Funding the development of the AMPI to the tune of $560,000 was one of the biggest election promises made to the dairy industry by the Coalition.
“A re-elected Morrison Government will, through Australian Dairy Farmers, engage the Australian Milk Price Initiative to design new milk pricing and marketing concepts for the dairy sector,” the announcement read.
“This will give dairy farmers better leverage, more transparency from the supply chain and more choices on how and when they price their milk.”
The commitment matched almost perfectly one of the top priorities that has since emerged from Australian Dairy Plan workshops, a milk market.
“New measures to increase transparency and help manage market risk including the establishment of a functioning milk price market and new risk measures backed by government legislation,” the resolution said.
Asked to describe the initiative, AMPI organiser Scott Briggs said it would allow farmers to be more active managers of their milk supply.
“AMPI is a proposal to allow farmers to sell their own milk on the milk swap market,” Mr Briggs said.
“Basically, they will be able to sell milk to third parties, not just the processor that normally picks up their milk.
“That milk gets delivered via a milk swap.
“That’s a fairly non-transparent part of the milk market for most farmers.
“What we’re suggesting is that we actually create an open market for the trade of milk by farmers to processors.
“That gives the farmer has a hell of a lot more choice when it comes to who they’re selling to, when they’re selling, what price the farmer is receiving and the contract terms they’re getting.

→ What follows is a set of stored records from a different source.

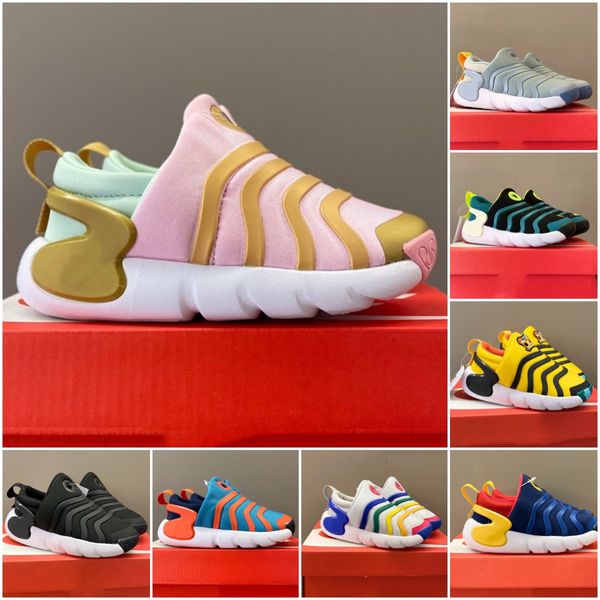2023 dynamo go td 3.0 kids running shoes children outdoor walking shoes breathable boys girls youth kid sport sneaker designer trainers shoe, Black
2023 dynamo go td 3.0 kids running shoes children outdoor walking shoes breathable boys girls youth kid sport sneaker designer trainers shoe, Black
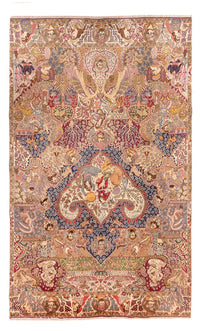 Kashmar Koberec 235x390cm - Perský koberec – product image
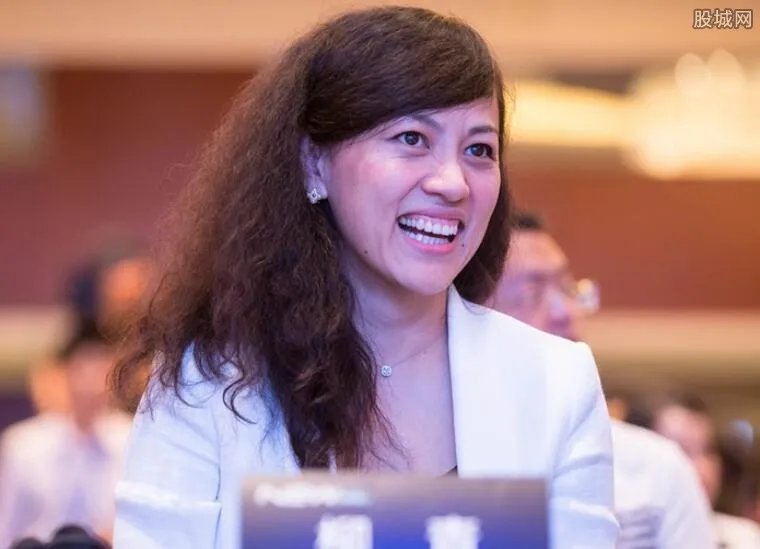 滴滴柳青承认离婚 发朋友圈承认已经离婚两年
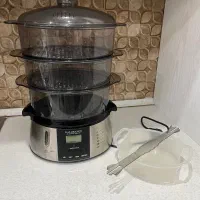 بخار پز و ابمیوه گیری اصل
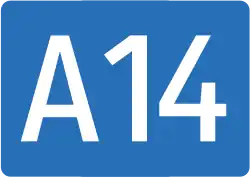 A14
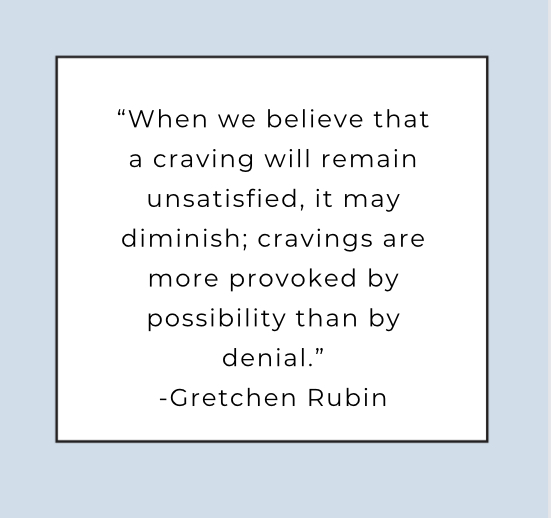 Are You Satisfied With Just&nbsp;One?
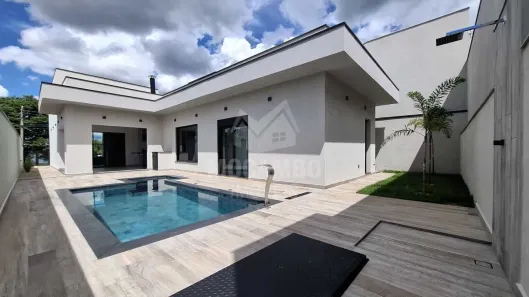 Casa de Condomínio com 3 Quartos à venda, 200m² no Bairro do Engenho, Itatiba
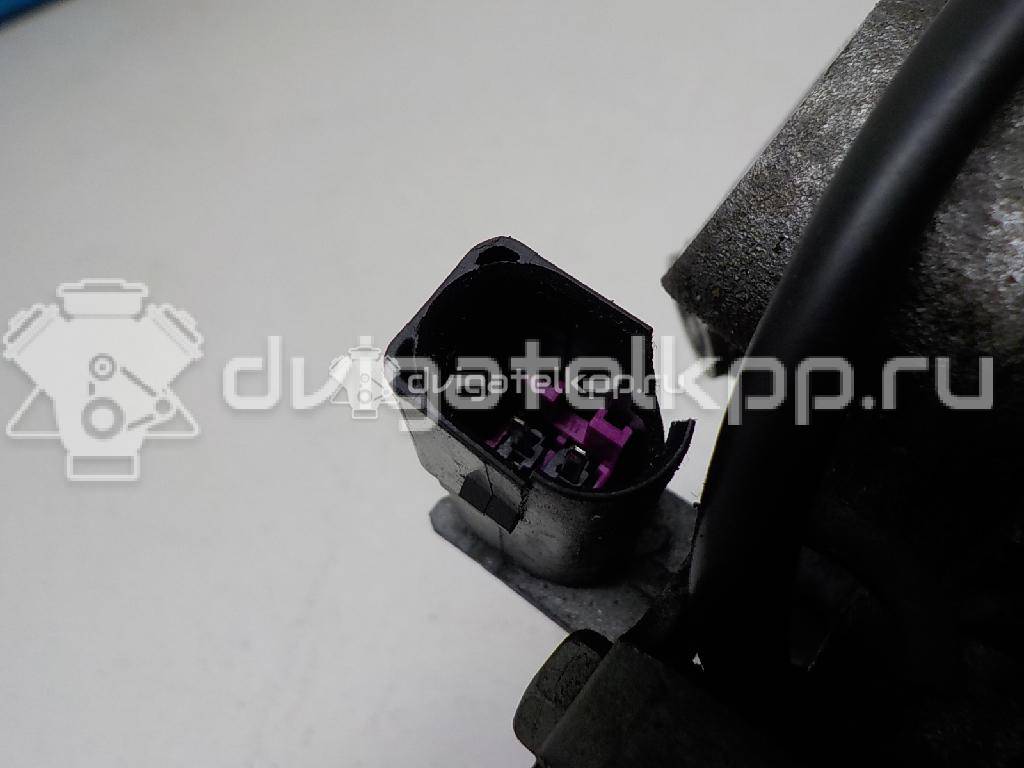 Фото Компрессор системы кондиционирования  4G0260805B для Audi A4 / A6 / A5 / A8 / Q5 {forloop.counter}}
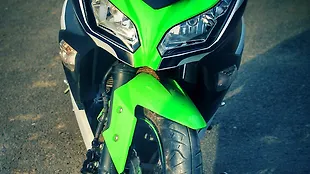 Used 2016 Kawasaki Ninja 300 Standard S115869 For Sale In Chennai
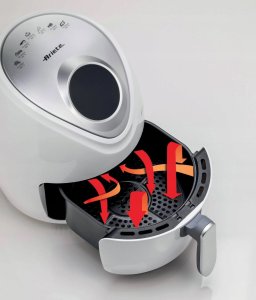 Frytkownica beztłuszczowa Ariete Ariete 4616/03 Air Fryer 10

“We want to bring that part of the market up into the light and empower farmers so they have more choice in the way they sell their milk.”
The milk swaps would be a combination of virtual and physical transfers between factories rather than at the farm gate.
“If your swap means there would be some milk going from processor A to processor B, we’d actually look at netting that off against any milk that’s going from processor B to processor A, to get some transport efficiencies out of it but what we’ve done is actually create a totally open transparent market,” Mr Briggs said.
The accounting for swapped volumes and payment would be managed via an online platform that would be visible to participants.
“You actually see all of the price, all of the trade, and all of the netting down, etc, happening through one price exchange quite efficiently,” he said.
“We already see that in wool, grains and sugar.”
AMPI co-organiser Garry Booth said transparent milk swaps would make the entire supply chain more efficient.
“In the case of the grain contracts on the ASX, only about 3-4 per cent ever actually goes to delivery,” Mr Booth said.
“It doesn’t mean people can’t make or take delivery but a transparent contract brings a dramatic increase in efficiency right across the board and solves the logistics problem.”
Even so, real trades, as distinct from hedges and other financial trades, played two vital roles, Mr Booth said.
The first was price discovery, which allowed others in the supply chain to accurately understand genuine price movements.
The other was trust in the integrity of the market mechanism itself.
Building confidence
Commonwealth Bank head of agricultural commodities trading Daniel Marsh said physical trades were vital to ensure relevance for the end user.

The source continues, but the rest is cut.